Using recent stock prices, Butterfield's dividend yield is 6.8%, the highest on this list.

What is a good dividend rate? ›

Yields from 2% to 6% are generally considered to be a good dividend yield, but there are plenty of factors to consider when deciding if a stock's yield makes it a good investment. Your own investment goals should also play a big role in deciding what a good dividend yield is for you.

Why did my bank give me a dividend? ›

Simply put, dividends are money paid out by a company or organization to a recipient. The funds for the payout come from surplus income to the business in a given time period, like a financial quarter or fiscal year. In the case of banking institutions, money's earned by providing financial products and services.

What is the difference between interest and dividend payments? ›

Interest is paid to the lenders/creditors. Dividend is paid to the shareholders. Interest determines how much profits/losses a company would make. Dividend determines how much profits would be reinvested into the business.

What is the difference between interest rate and dividend yield? ›

Key Takeaways

Yield is the annual net profit that an investor earns on an investment. The interest rate is the percentage charged by a lender for a loan. The yield on new investments in debt of any kind reflects interest rates at the time they are issued.

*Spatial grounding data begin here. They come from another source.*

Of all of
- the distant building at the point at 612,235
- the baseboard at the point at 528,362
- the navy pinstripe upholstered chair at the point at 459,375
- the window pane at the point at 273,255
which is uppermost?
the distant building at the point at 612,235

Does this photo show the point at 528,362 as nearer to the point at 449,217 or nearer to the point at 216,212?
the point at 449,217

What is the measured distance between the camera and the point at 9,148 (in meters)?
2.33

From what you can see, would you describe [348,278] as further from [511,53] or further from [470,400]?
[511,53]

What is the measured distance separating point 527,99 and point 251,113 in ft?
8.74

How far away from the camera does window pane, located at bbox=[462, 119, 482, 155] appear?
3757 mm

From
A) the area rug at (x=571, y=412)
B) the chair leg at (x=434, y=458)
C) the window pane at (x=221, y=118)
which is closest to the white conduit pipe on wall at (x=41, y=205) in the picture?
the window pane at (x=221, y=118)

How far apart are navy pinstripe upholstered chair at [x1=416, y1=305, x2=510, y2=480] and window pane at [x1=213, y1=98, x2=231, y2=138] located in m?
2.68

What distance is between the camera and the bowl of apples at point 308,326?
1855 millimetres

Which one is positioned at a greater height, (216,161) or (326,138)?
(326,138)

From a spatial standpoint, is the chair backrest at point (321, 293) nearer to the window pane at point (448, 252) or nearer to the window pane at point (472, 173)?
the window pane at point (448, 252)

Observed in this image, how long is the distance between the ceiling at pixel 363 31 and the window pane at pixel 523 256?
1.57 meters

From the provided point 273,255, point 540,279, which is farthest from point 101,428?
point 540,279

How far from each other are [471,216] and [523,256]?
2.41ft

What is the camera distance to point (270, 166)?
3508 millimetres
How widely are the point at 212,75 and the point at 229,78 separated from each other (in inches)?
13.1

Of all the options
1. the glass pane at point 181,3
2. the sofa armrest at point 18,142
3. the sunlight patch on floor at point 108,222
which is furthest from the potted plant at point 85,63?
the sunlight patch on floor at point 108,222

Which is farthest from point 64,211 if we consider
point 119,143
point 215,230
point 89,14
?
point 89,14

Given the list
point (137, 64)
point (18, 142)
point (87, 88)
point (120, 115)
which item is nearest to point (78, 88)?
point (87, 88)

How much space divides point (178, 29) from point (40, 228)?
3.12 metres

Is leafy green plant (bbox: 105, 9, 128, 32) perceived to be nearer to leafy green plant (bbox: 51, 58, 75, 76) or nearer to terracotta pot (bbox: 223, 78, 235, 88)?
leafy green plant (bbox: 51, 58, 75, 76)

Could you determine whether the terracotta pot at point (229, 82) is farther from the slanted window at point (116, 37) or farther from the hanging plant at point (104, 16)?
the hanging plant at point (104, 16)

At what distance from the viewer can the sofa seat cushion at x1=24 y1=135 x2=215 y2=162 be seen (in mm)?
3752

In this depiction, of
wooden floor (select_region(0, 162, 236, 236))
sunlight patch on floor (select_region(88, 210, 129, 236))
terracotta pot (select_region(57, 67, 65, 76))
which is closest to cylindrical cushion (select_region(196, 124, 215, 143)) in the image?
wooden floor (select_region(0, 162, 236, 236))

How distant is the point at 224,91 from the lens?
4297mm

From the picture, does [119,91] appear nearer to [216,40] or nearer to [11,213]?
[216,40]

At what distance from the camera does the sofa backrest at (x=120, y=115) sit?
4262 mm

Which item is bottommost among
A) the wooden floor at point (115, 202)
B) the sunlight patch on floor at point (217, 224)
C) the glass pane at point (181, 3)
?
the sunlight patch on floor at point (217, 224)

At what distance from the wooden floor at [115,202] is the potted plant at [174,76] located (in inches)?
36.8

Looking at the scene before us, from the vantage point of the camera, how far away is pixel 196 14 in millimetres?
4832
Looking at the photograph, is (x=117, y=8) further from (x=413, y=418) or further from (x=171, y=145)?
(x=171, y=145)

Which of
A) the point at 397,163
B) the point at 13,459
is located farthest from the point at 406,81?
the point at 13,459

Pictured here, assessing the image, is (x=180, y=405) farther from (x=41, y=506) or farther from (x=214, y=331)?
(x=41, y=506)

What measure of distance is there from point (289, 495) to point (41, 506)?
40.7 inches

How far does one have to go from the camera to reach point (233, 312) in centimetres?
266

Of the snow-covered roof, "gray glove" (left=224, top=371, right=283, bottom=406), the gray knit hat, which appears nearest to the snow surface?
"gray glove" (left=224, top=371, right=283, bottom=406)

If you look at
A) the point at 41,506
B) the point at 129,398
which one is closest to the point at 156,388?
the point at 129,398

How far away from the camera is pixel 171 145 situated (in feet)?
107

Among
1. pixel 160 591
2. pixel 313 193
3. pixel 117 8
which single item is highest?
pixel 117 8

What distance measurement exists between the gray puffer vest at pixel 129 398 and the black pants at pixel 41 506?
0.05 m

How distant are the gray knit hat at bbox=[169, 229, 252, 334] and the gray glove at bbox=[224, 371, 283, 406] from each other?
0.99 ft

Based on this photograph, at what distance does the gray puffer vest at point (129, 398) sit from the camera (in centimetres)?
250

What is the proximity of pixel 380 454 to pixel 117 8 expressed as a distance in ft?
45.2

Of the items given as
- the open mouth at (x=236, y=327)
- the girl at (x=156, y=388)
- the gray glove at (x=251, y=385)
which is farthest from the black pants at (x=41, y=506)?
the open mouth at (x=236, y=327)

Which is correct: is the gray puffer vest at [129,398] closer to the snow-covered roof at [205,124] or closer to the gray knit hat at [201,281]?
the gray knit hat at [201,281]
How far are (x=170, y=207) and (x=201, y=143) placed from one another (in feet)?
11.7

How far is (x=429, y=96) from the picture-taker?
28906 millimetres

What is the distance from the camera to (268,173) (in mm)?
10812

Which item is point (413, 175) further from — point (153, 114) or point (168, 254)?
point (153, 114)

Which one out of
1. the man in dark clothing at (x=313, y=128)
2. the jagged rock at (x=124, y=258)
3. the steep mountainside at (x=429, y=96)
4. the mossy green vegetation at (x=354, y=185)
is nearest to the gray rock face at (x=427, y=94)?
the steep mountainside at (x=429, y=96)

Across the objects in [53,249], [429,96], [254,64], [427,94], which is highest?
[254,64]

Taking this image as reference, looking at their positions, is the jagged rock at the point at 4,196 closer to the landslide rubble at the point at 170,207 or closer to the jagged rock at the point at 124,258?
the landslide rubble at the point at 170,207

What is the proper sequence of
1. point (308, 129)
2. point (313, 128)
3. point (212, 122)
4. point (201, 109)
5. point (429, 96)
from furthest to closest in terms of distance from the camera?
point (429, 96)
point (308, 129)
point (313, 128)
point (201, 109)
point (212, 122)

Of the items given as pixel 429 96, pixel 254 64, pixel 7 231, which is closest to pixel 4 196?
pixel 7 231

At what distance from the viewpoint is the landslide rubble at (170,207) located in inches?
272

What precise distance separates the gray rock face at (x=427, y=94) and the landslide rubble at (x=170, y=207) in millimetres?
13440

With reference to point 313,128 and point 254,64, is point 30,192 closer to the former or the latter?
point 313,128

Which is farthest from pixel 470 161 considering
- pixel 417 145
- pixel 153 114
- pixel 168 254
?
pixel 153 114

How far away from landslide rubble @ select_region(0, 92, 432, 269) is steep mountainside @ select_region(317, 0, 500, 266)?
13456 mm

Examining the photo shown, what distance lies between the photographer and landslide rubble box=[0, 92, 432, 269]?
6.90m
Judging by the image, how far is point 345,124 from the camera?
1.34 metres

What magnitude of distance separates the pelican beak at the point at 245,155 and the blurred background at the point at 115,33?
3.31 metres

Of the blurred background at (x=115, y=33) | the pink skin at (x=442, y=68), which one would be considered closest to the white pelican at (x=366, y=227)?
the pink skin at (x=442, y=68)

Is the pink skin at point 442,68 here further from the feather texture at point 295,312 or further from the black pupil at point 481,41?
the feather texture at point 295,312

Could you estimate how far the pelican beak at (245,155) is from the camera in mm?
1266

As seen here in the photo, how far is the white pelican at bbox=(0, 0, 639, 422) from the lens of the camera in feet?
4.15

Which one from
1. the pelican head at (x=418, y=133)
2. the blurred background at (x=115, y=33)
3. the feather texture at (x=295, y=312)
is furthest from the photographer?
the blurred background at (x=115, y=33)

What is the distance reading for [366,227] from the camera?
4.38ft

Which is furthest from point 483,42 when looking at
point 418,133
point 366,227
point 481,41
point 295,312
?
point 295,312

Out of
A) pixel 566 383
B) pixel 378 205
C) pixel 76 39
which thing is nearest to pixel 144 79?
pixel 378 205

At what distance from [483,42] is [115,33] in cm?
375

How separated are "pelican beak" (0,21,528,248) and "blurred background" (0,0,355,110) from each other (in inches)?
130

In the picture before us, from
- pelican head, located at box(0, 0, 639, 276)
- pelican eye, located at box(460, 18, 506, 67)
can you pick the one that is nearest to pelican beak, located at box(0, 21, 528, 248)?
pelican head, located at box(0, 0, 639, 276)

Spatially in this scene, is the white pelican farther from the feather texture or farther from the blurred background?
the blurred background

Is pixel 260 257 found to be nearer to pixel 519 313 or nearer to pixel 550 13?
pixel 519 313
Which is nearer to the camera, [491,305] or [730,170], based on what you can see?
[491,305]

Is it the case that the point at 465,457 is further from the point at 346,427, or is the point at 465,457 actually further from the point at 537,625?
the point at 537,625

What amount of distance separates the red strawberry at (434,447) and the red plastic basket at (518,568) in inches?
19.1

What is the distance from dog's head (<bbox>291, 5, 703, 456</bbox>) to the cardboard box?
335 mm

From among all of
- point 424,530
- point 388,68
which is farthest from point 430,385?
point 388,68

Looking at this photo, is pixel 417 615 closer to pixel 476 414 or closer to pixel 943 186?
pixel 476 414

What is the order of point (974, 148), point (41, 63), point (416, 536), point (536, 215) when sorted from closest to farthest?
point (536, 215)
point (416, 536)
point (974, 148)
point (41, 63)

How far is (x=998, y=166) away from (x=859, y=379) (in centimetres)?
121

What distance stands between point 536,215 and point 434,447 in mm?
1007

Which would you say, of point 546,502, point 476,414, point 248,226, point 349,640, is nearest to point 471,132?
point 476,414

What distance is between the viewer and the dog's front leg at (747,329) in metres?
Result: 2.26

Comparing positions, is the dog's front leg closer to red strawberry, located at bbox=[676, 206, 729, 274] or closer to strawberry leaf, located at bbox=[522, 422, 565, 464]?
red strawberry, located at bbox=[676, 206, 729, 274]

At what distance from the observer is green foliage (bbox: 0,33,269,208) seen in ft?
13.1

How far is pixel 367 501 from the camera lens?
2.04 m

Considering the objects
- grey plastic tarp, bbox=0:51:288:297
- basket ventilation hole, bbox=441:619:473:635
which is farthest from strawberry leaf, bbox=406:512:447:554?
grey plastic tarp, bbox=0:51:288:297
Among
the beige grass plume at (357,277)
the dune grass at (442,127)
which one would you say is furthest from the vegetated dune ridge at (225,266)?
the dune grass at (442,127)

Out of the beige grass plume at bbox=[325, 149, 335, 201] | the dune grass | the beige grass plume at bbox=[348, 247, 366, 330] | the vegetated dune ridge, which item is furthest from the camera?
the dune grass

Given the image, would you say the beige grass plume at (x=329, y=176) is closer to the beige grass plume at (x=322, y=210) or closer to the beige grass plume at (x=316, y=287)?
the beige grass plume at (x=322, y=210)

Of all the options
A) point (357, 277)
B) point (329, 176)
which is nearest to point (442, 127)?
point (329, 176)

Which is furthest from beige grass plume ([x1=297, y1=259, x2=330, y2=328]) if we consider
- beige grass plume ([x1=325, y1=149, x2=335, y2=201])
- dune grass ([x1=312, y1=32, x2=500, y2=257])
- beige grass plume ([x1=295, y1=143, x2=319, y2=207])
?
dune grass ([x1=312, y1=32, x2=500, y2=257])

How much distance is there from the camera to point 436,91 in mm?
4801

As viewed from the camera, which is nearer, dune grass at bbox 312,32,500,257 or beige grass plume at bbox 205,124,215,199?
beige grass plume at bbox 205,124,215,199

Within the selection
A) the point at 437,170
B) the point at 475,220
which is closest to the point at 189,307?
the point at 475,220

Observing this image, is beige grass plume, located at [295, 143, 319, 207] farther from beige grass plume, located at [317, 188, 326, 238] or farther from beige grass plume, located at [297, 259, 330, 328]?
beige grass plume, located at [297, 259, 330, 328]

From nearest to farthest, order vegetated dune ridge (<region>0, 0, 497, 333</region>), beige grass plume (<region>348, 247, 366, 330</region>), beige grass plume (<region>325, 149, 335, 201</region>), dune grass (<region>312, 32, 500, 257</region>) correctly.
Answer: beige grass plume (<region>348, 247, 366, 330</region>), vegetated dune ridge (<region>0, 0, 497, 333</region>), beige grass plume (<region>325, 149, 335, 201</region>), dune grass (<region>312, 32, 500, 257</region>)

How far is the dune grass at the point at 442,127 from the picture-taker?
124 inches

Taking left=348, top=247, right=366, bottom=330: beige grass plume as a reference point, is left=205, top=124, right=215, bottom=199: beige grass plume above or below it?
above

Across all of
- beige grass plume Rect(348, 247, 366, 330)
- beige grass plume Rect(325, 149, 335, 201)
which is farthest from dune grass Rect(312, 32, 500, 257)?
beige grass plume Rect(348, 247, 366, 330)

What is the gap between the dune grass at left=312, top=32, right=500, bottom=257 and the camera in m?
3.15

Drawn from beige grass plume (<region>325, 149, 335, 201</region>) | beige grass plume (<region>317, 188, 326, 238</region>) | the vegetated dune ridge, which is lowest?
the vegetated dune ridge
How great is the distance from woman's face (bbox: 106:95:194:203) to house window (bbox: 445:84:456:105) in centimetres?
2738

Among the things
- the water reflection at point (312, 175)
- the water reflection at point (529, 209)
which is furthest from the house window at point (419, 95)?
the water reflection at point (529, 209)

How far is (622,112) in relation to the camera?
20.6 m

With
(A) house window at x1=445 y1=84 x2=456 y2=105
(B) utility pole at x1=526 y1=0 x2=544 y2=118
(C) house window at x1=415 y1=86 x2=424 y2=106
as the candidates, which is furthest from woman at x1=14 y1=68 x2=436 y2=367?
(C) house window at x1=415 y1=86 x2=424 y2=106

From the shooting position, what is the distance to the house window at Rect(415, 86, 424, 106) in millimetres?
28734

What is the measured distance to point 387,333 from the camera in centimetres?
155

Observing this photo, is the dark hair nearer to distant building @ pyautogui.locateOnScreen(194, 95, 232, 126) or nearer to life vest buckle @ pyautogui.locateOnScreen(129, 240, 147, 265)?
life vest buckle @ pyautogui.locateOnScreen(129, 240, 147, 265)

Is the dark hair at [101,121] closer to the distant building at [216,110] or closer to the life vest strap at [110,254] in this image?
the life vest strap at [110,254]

Is APR the same as dividend rate? ›

The annual percentage rate (APR) entails the interest accumulated yearly for money rendered as credit by a creditor to the debtor. On the other hand, the dividend rate represents proportions entitled to company owners from the total amount of income realized in a company within a specified period.

Are credit union dividends ordinary or qualified? ›

Dividends are unqualified if they were: Those dividends that did not meet the requirements of a qualified dividend as previously mentioned. Capital gains distributions. Dividends paid on bank deposits, such as credit unions or savings and loans.